In the records below, find the line that contains "8 Dale Road, Eden Hills SA 5050" and the line that contains "Used 2019 Jeep"; write out exactly those two lines and everything between them, without the pictures.

## DATASET ENTRIES
╭──

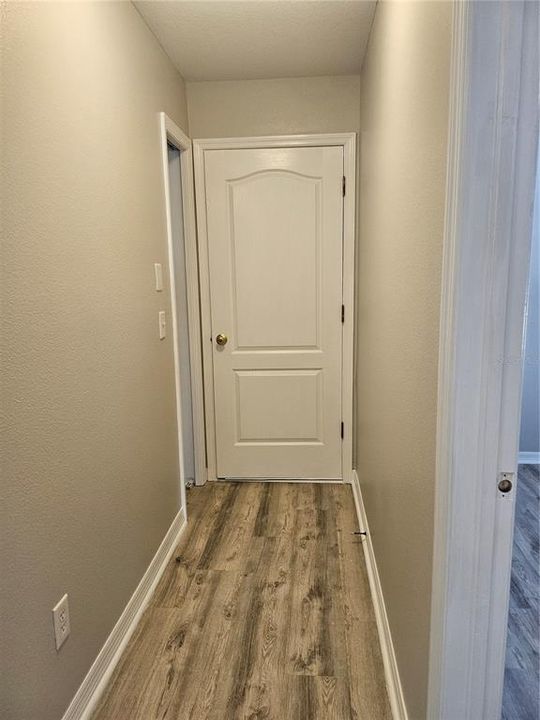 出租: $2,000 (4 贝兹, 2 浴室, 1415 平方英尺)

╰──
╭──

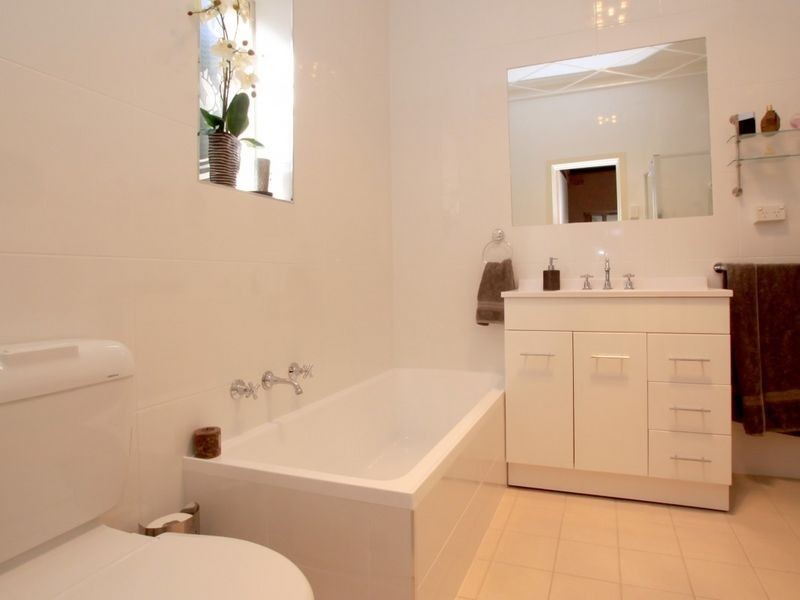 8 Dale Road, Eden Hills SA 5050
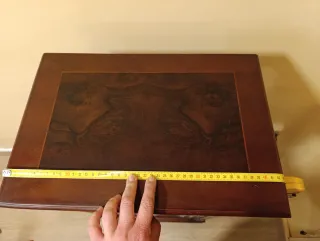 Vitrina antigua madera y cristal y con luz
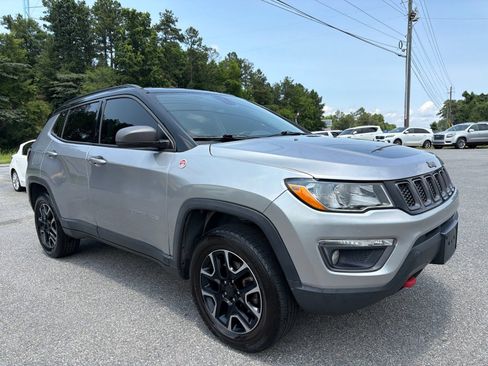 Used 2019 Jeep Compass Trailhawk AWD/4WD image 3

╰──
╭──

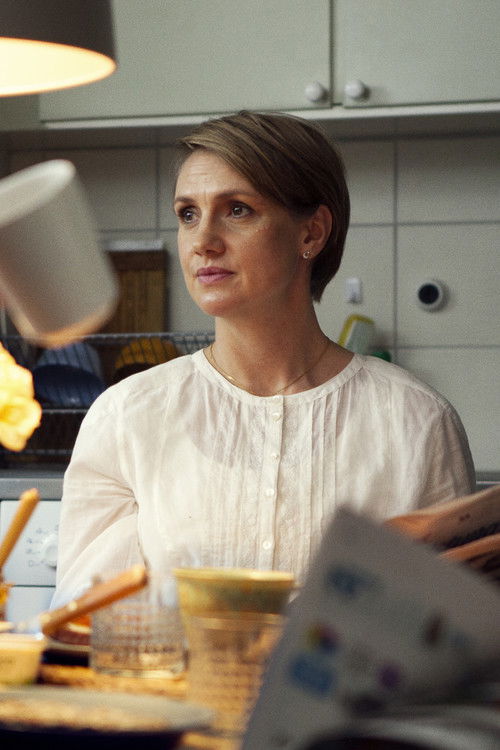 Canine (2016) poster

╰──

## COMPLETED EXERCISE
 8 Dale Road, Eden Hills SA 5050
 Vitrina antigua madera y cristal y con luz
 Used 2019 Jeep Compass Trailhawk AWD/4WD image 3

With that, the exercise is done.